Accordingly, the calibrated image is initially convolved with an
intrinsic feature profile such as an idealized two dimensional
square (or circular) top hat function. In other embodiments, the
intrinsic profile can be a kernel that is derived from real well
profiles (ideally after accurate image deconvolution where the PSF
component of the measured profile is removed). The convolved image
is then quantified with the same algorithm that a user uses to
quantify data. The quantification is performed at the convolved
pinhole positions as well as all relative neighboring feature
locations. In some embodiments, the neighboring positions can be in
a checkerboard arrangement. In other embodiments, additional next
nearest neighborhood coefficients can be measured if the spacing
and S/N of the pinholes permit. A crosstalk coefficient can then be
derived at each pinhole location in each neighbor direction as the
ratio of the flux in the neighbor direction divided by the
convolved pinhole flux. For each directional coefficient, the S/N
of its estimate for a given location can be increased by
aggregating its neighbor values at the appropriate scale.
[0021] FIG. 1 is an exemplary system 100 consistent with the
present invention. It should be readily apparent to those of
ordinary skill in the art that the system 100 depicted in FIG. 1
represents a generalized schematic illustration and that other
components can be added or existing components can be removed or
modified. Moreover, the system 100 can be implemented using
software components, hardware components, or combinations
thereof.
[0022] The system 100 includes a light separator 110, a spectral
array detector 120, a digitizer 130, and a processor 140. The light
separator 110 spatially separates multiple
spectrally-distinguishable species. The light separator 110 may
include a spectrograph, a diffraction grating, a prism, a beam
splitter in combination with optical filters, or similar
elements.
[0023] FIG. 2 is a detailed diagram of the light separator 110 in
an implementation consistent with the present invention. The light
separator 110 includes a laser 210, a pair of mirrors 220, lenses
230, mirror 240, lens 250, filter 260, lens 270, and spectrograph
280. The laser 210 is an excitation light source, such as an argon
ion laser, that may emit a polarized light beam. The mirrors 220
may be adjustably mounted to direct the laser light beam to the
desired location. The lenses 230 may include telescope lenses that
reduce the diameter of the light beam reflected by the mirrors 220
and present the reduced light beam to the mirror 240. The mirror
240 may include a bending mirror that directs the light to an
electrophoresis medium 290, such as an aqueous gel.

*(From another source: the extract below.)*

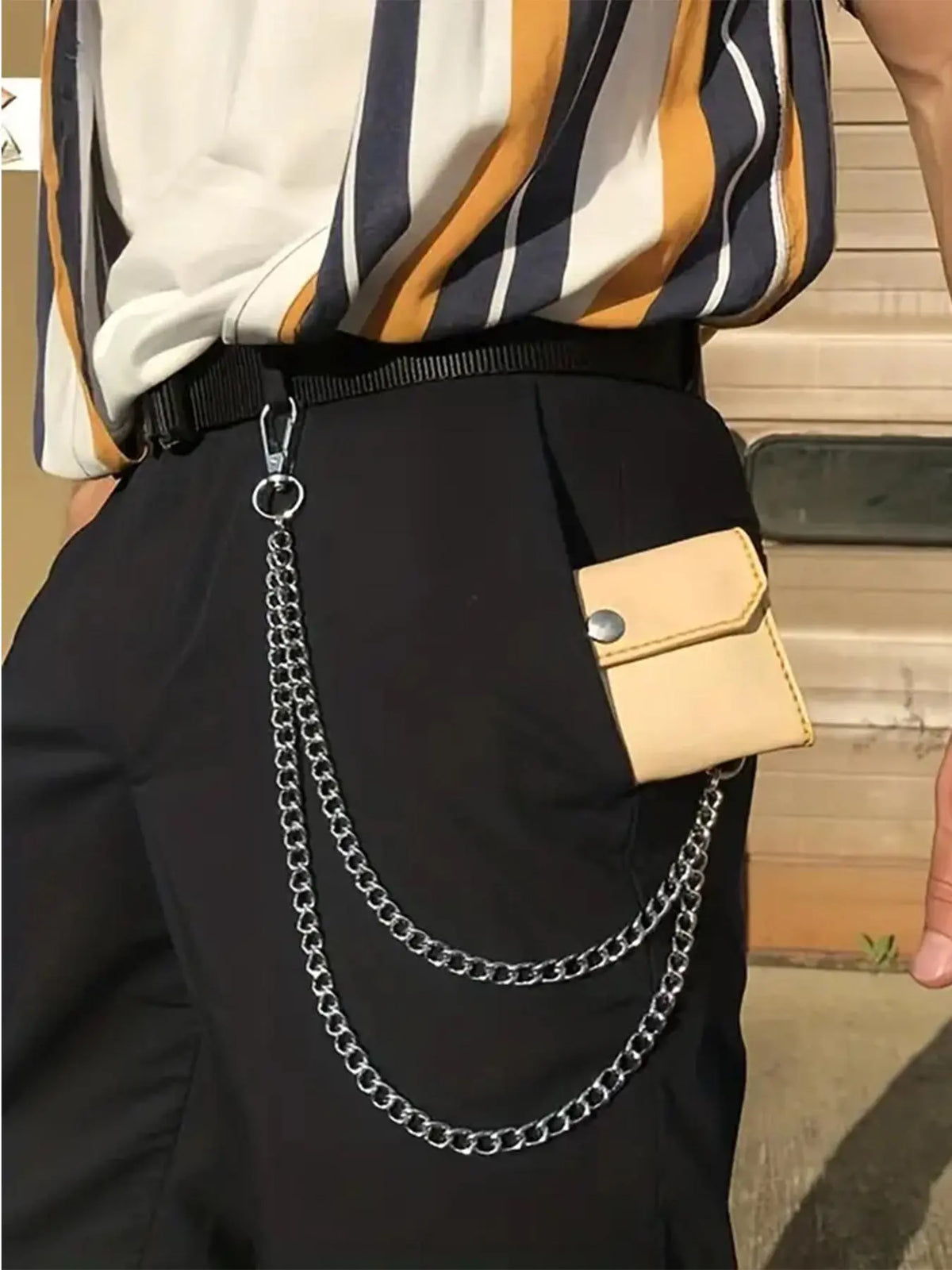 Punk Style Chain Design Pants Belt, Fashionable Double Layered Waist Chain for Jeans Trousers, Trendy All-match & Exquisite Belt for Birthday Gift, Chain Belts, Chain Accessory, Waist Jewelry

[0024] The lens 250 may include an aspheric collection lens that
collects the light emitted from the laser-excited medium 290 and
collimates the light in the direction of the filter 260, bypassing
mirror 240. The filter 260 may include a laser rejection filter
that reduces the level of scattered laser light transmitted to the
lens 270. The lens 270 may include a plano-convex lens that focuses
the filtered light to the spectrograph 280. The spectrograph 280
may include a slit 285 that receives the light from the lens 270
and a blaze grating (not shown) that separates the light into its
spectral components. The spectrograph 280 outputs the light to the
spectral array detector 120.
[0025] Returning to FIG. 1, the spectral array detector 120
includes an optical detector that can simultaneously detect and
identify an intensity of multiple wavelengths of light. The
spectral array detector 120 may include an array of detector
elements sensitive to light radiation, such as a diode array, a
charged coupled device (CCD), a charge induction device (CID), an
array of photomultiplier tubes, etc. The output of the spectral
array detector 120 is light intensity as a function of array
location, such that the array location can be directly related to
the wavelength of the light impinging on that location.

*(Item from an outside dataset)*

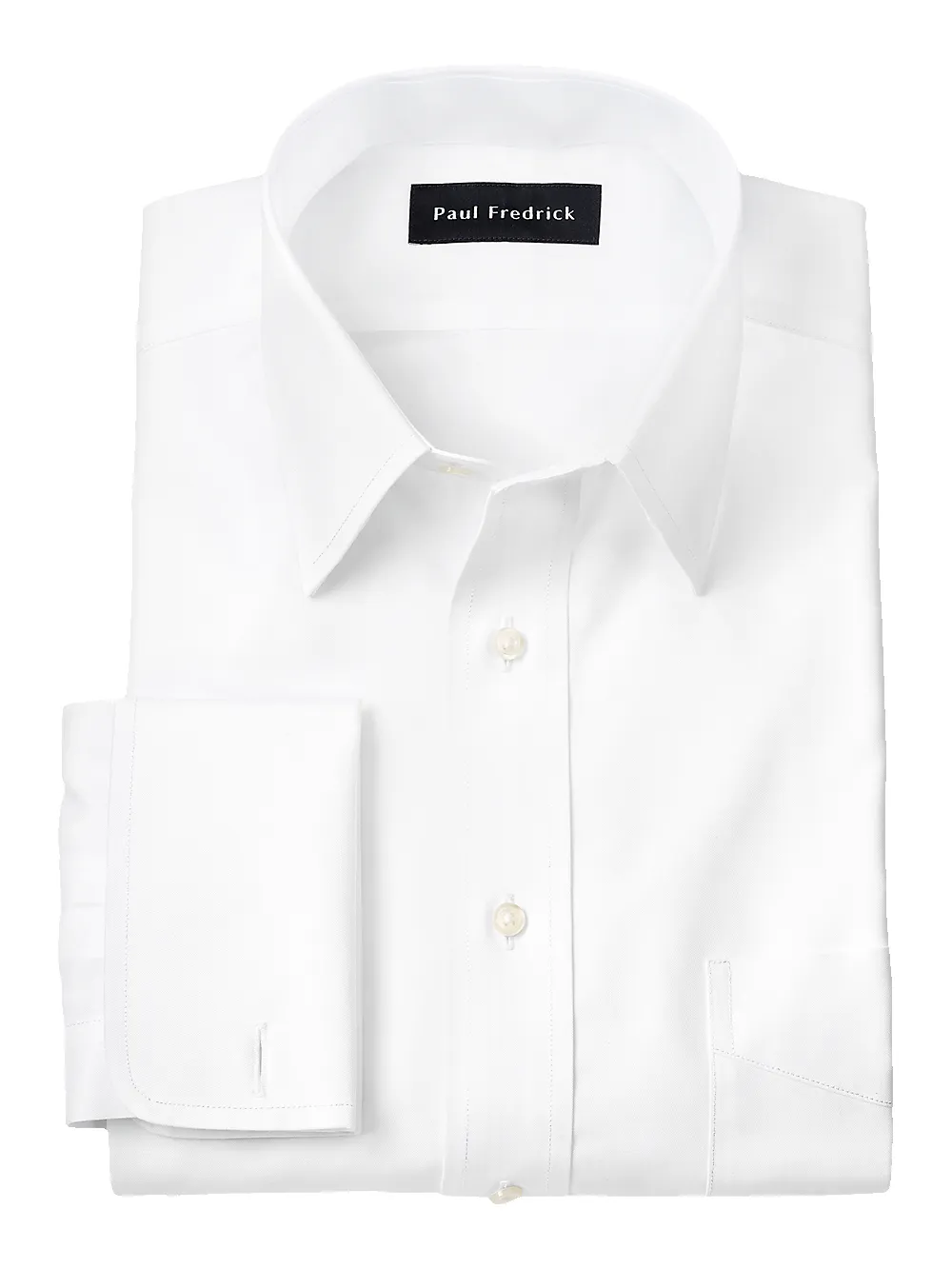 Non-Iron Cotton Pinpoint Solid Point Collar French Cuff Dress Shirt - White sold by Paul Fredrick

[0026] The digitizer 130 receives the output from the spectral
array detector 120, digitizes it, and presents it to the processor
140. The digitizer 130 may include an analog-to-digital converter
or a similar device. The processor 140 operates upon the digitized
output of the spectral array detector 120 to perform spectral
calibration and compensation. The processor 140 may include any
conventional processor, microprocessor, digital signal processor,
or computer capable of executing instructions. The processor 140
may also include memory devices, such as a RAM or another dynamic
storage device, a ROM or another type of static storage device,
and/or some type of magnetic or optical recording medium and its
corresponding drive; input devices, such as a keyboard and a mouse;
output devices, such as a monitor and a printer; and communication
device(s) to permit communication with other devices and systems
over any communication medium.
[0027] As will be described in detail below, the processor 140,
consistent with the present invention, operates upon data resulting
from an analytical separation of spectrally-distinguishable
molecular species to perform spectral calibration and spatial
cross-talk correction of high density feature signals. The
processor 140 performs the spectral calibration and cross-talk
correction by executing sequences of instructions contained in a
memory. Such instructions may be read into the memory from another
computer-readable medium or from another device over a
communications medium. Execution of the sequences of instructions
contained in the memory causes the processor 140 to perform the
methods that will be described hereafter. Alternatively, hardwired
circuitry may be used in place of or in combination with software
instructions to implement the present invention. Thus, the present
invention is not limited to any specific combination of hardware
circuitry and software.
[0028] FIG. 3 illustrates a top view of the calibration plate 300
used in the system 100. As shown in FIG. 3, the calibration plate
300 can be implemented using a material such as aluminum deposited
on glass. Pinholes are laser ablated into the aluminum coating. The
calibration plate 300 can also comprise an array of pinholes 305.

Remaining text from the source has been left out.